Daniel Heyman chose Dartmouth instead of art school. A mistake? Not for Heyman. He spent a year abroad in France, hosted by an older woman, listening to her stories about surviving World War II. After graduation, he went back to collect memories from people in Normandy, the Loire Valley, Paris, seeking those who had lived through war, Jews who had been hidden as children, people who helped others escape. He began to paint their stories but stopped, frustrated by his own lack of skill. He enrolled in graduate school at the University of Pennsylvania where third generation Modernists urged him to remove all narrative from his work. Not willing, but not yet finding his own way technically, he abandoned his pursuit of violence and became successful as a painter of gay life.
Still, human violence continued to creep into his work. He was drawn, in particular, to the true account of young Eddie Polac, brutally beaten to death in Fox Chase, near Heyman’s home in Philadelphia. He painted such records of violence, not unsuccessfully, but always from other art or newspaper accounts. Painting, however, exists in stillness while violence, rifts from meaning, ripples, falls back upon itself, generates more violence. The artist, sensing this, went to Japan to study woodblock printing. His paintings began to look like prints.
A friend invited Heyman to dinner to meet someone else haunted by human violence, Susan Burke. A human rights attorney, she had been hearing reports about “the gloves coming off.” In 2002, she had read a statement by an unidentified government official who said, “If you don’t violate someone’s human rights some of the time, you probably aren’t doing your job.” Incensed, she found a like-minded attorney, Jonathan Pyle, and they set up their own firm, Burke Pyle Ltd. That same year, 2003, Heyman remembers, it was rumored that “the employees of a pair of corporate military contractors allegedly conspired with government officials and military personnel to rape, pistol-whip, threaten, electrically shock, molest, verbally assault, kick, sodomize, urinate on, and otherwise torture Iraqi nationals both in Abu Ghraib and other locations across Iraq.”

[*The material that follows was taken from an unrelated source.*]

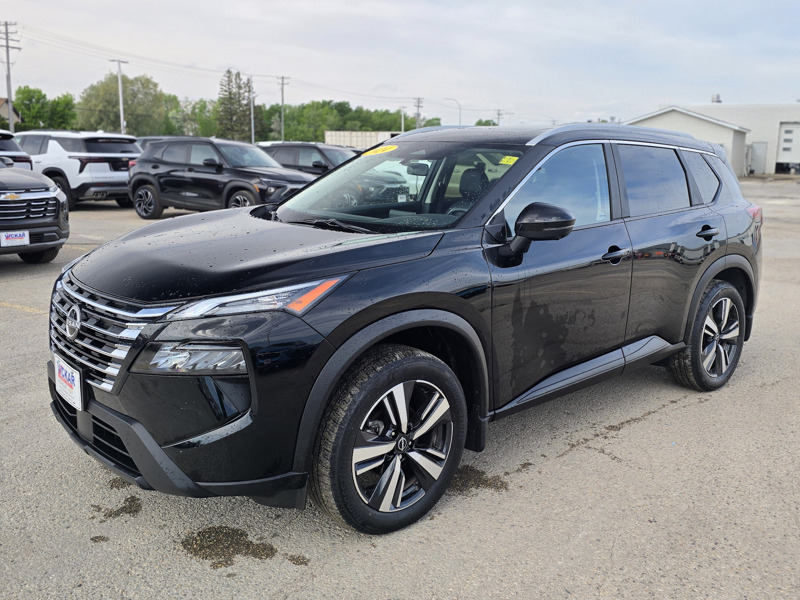2024 Nissan Rogue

By the time Heyman and Burke met, she and her team of Philadelphia attorneys were representing a group of Iraqis in a massive class-action lawsuit that would be filed in the United States District Court of Washington, DC. Halfway through that life-changing dinner, Burke invited Heyman to join her on a fact-finding trip. Instinctively, she knew that artists could command immediate public attention, where the slow legal process can take years and rarely attracts much press—but she needed the right kind of artist, an artist who had honed his techniques, an artist whose heart had been schooled to bear witness.
In March 2006, Heyman traveled to Amman, Jordan, and five months later to Istanbul. Now, instead of making art derived from secondary sources, he was to actively collect evidence through his art. He wondered if it was possible to make violence real in a world where mass media has desensitized the audience, where violence has become entertainment. And these Iraqis were civilians, were guilty of nothing (none was ever charged)—could he convey their innocence, as well as tell their terrible stories? For eight days he sat in on interviews with victims of horrendous abuse, recording the testimonies of former Iraqi prisoners tortured at Abu Ghraib. The eight copper plates he took with him were used up in three days, and Heyman switched to watercolor.
Working quickly, he sketched portraits of humble men and occasionally women, all dressed in modest, civilian clothes. But it was the words coming to him through a translator that haunted him. Words—tumbling, flooding words—engulfed the artist and soon the portraits themselves, as he inscribed into each work the detainee’s own telling of their imprisonment and mistreatment. He had found his means: prints, the commoner’s version of painting, and watercolors, the medium oft-claimed by amateurs, all overrun by words.
“I went to Jordan and Turkey convinced that artists have a role to play in the great issues of their times,” Heyman remembers now. “My goal is to reclaim for the victims of torture their right to describe what happened in their own words. My purpose now is to find public institutions that will either exhibit or acquire these works, in an attempt to keep them alive and the testimony they contain as available for public study as possible.”
Daniel Heyman’s visual stories echo that ancient refrain uttered by artists throughout time, “If I live, I will tell. If I don’t live, my art will tell.”